Brief | Return the lines of the data below starting at the one holding "MDR MDR300 DAMP AWAY DEHUMIDIFIER 14 OZ." and ending at the one holding "Women´s Nike Air", word for word, leaving every picture out.

===== Data =====

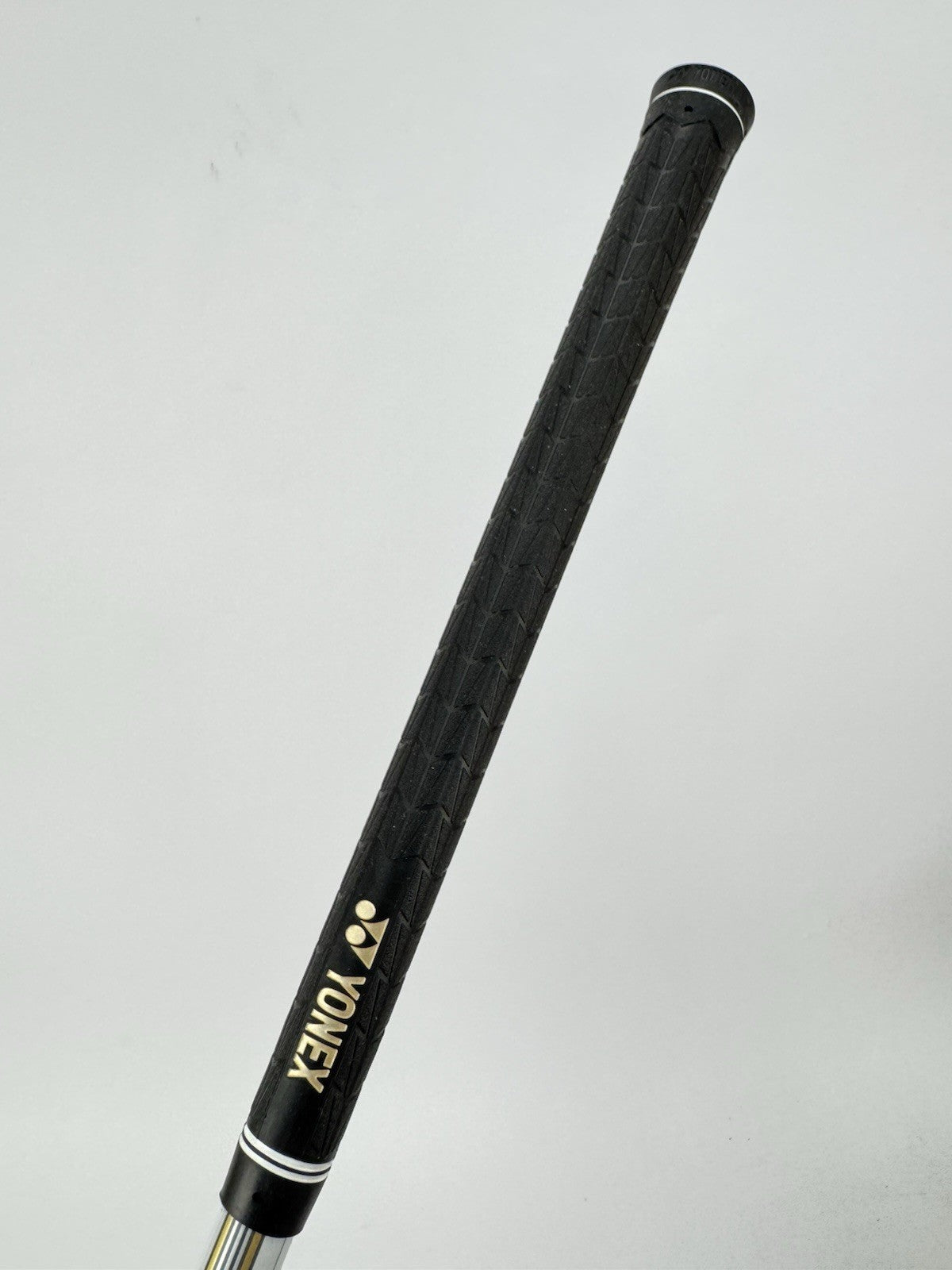 Yonex Royal Ezone Sand Wedge 55* Senior Flex Graphite /Right Handed /3384116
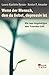 Wenn der Mensch, den du liebst, depressiv ist: Wie man Angehörigen oder Freunden hilft (German Edition)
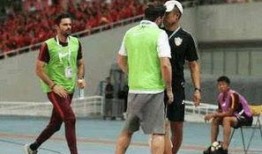 谢晖爆料上港视频,上港内部视频曝光惊人内幕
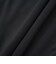 ニューバランス（new balance）サッカーウェア ジュニア Black Out プラクティス ショーツ YB61K495CBT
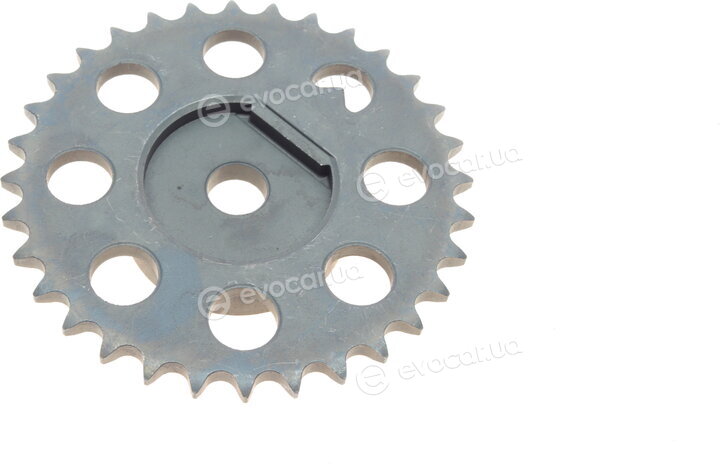 Hepu 21-0320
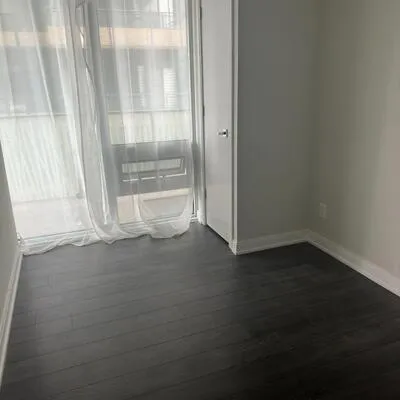 42,&nbsp;Charles, Church-Yonge Corridor, Toronto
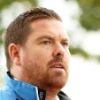 Duncan Carey, Performance Analyst and Strategy Consultant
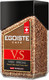 Кофе растворимый Egoiste V.S. (100г) - 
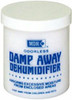 MDR MDR300 DAMP AWAY DEHUMIDIFIER 14 OZ.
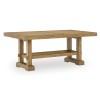 Havonplane Dining Extension Table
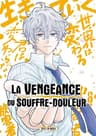 La vengeance du souffre-douleur — tome 6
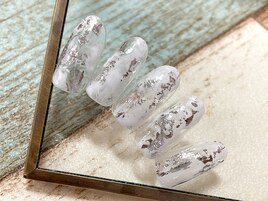 シンプルコース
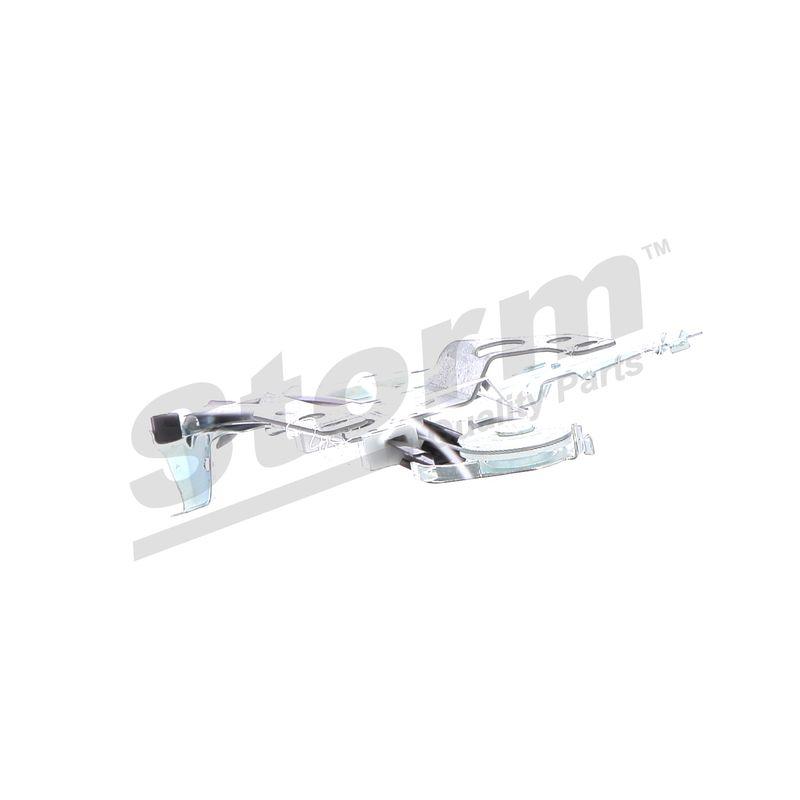Lève-vitre STORM QUALITY PARTS 1027507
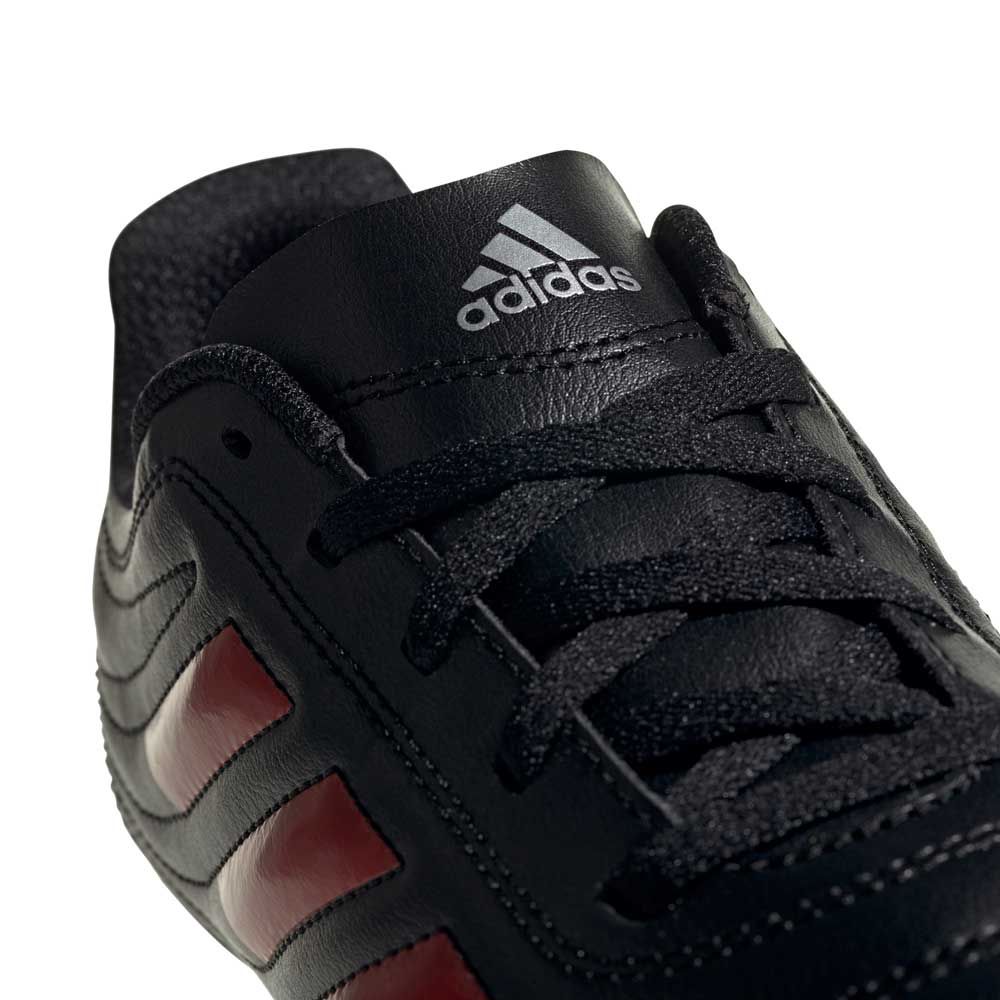 adidas copa 19.4 fg j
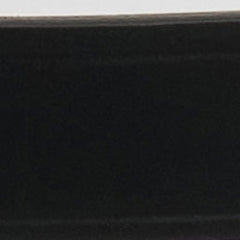 Kirka belt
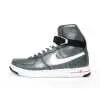 Women´s Nike Air Feather Premium High - Image 2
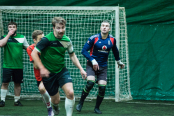 <a href="https://st.getinfootball.com/albums/1098339/690a7f25e3574_1920.jpg" target="_blank">Завантажити оригінал</a>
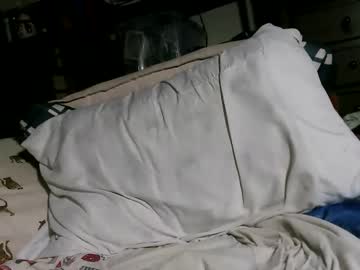 Redderose January 16, 2026 Chaturbate stream image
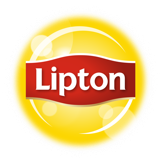 Lipton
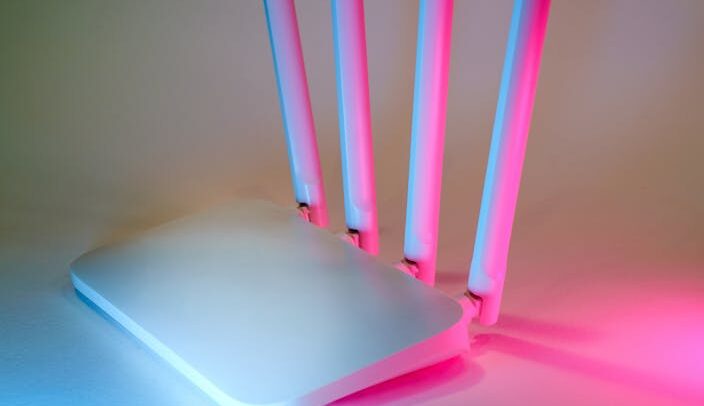 10 Cara Mengganti Password Wifi Lewat HP dengan Mudah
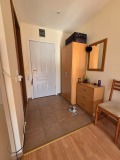 Продава 1-СТАЕН, област Бургас, к.к. Слънчев бряг • 53000 € • 71654219 — Holmes.bg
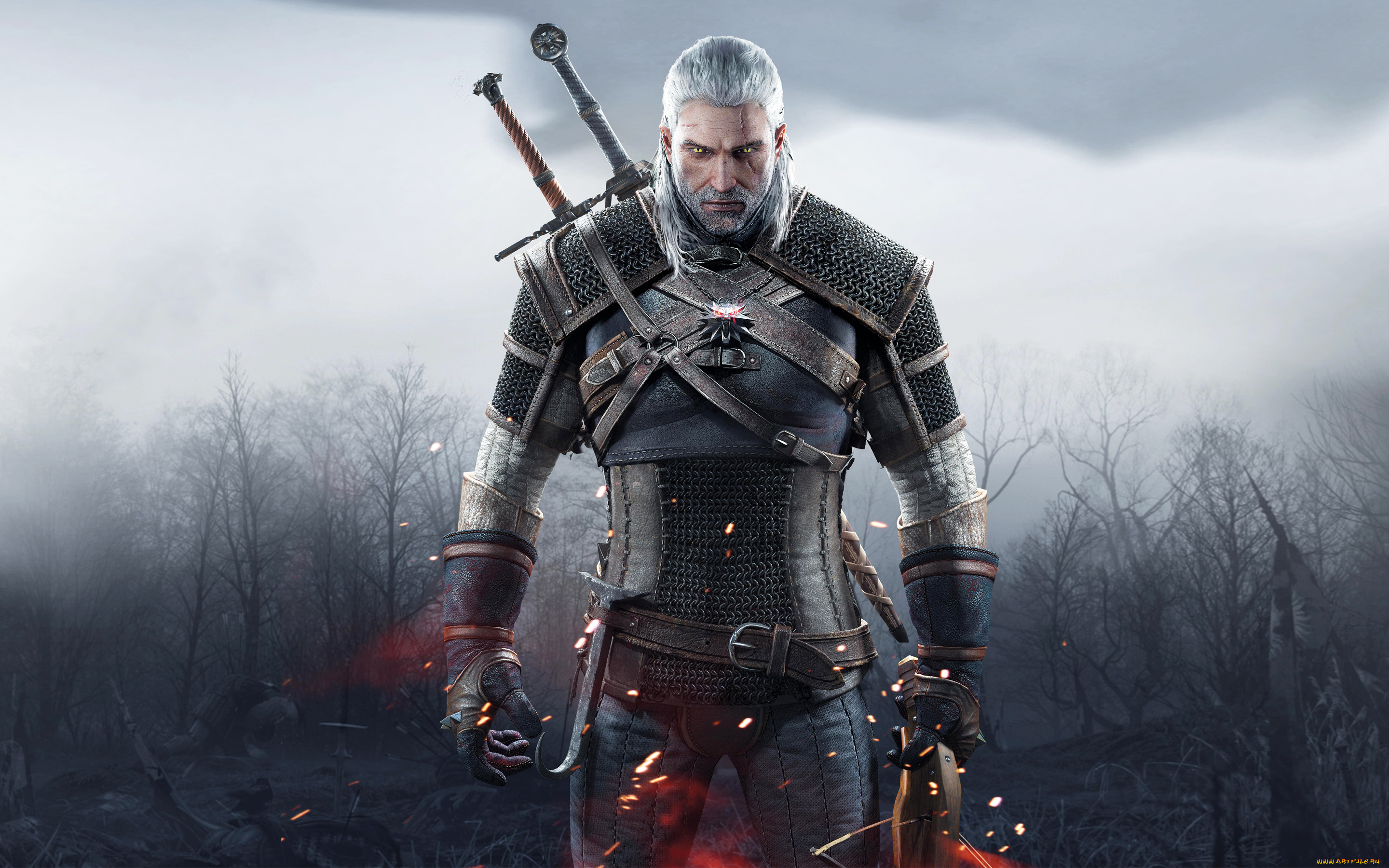 the, witcher, 3, wild, hunt, видео, игры, the, witcher, 3, , wild, hunt, ведьмак, 3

=====

Solution |
 MDR MDR300 DAMP AWAY DEHUMIDIFIER 14 OZ.
 Havonplane Dining Extension Table
 La vengeance du souffre-douleur — tome 6
 シンプルコース
Lève-vitre STORM QUALITY PARTS 1027507
 adidas copa 19.4 fg j
 Kirka belt
 Women´s Nike Air Feather Premium High - Image 2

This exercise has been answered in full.